This information could be marks scored by students, temperatures of different cities, points scored in matches, etc.
The information that is collected is called data.
Once the data is collected, we have to represent it in a meaningful manner so that it can be easily understood.
The data should be organised in such a way that all its features are summarized in a table.
This will help us understand all the features just by a glance.
So, how do we go about doing this?
Well, frequency distribution is one of the ways to organise data.
We will learn all about it here.
What is Frequency Distribution?
Frequency Distribution: Definition
In statistics, frequency refers to the number of times a value occurs.
Thus, frequency distribution refers to a table that shows an item and its frequency.
Let's consider an example to understand this better.
A school conducted a blood donation camp.
The blood groups of 30 students were recorded as follows.
We can represent this data in a tabular form.
This table is known as a frequency distribution table.
You can observe that all the collected data is organised under two columns.
This makes it easy for us to understand the given information.
Thus, frequency distribution in statistics helps us to condense the data in a simpler form so that it is easy for us to observe its features at a glance.
Understanding Frequency Distribution
Frequency Distribution in Statistics
Now, let us look at a few examples where we can use frequency distribution tables.
Meet Ms. Jolly and her assistant Mr. Thomas.
Ms. Jolly is a teacher.
She wants to look at the marks obtained by her students in the last exam.
She does not have the time to go through each test paper individually to see the marks.
Hence, she asks Mr. Thomas to organise the data in a table so that it is easier for her to look at all the marks.
Ms. Jolly suggests using a frequency distribution table to organise the data.
Using a frequency distribution table here is a good way to present the data as it will show Ms.
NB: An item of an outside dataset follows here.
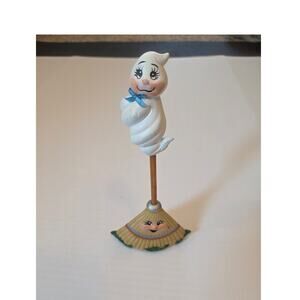 Vintage 2-Pc. Anthropomorphic Hand Painted Ceramic Halloween Broom & Ghost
Jolly all the students' marks in one table.
Mr. Thomas works hard to put together all the data.
He places the marks into certain categories like highest marks, lowest marks, and so on.
Let's consider another example.
Consider this jar containing beads of different colours.
To know the exact number of beads of each particular colour, we need to classify the beads into categories.
An easy way to find the number of beads of each colour is to use tally marks.
Remember that a diagonal line across 4 vertical lines counts as 5
Now, pick the beads from the jar one by one and show the tally marks in the respective table.
Then, indicate the frequency for each item in the table.
Thus, the table so obtained is called a frequency distribution table.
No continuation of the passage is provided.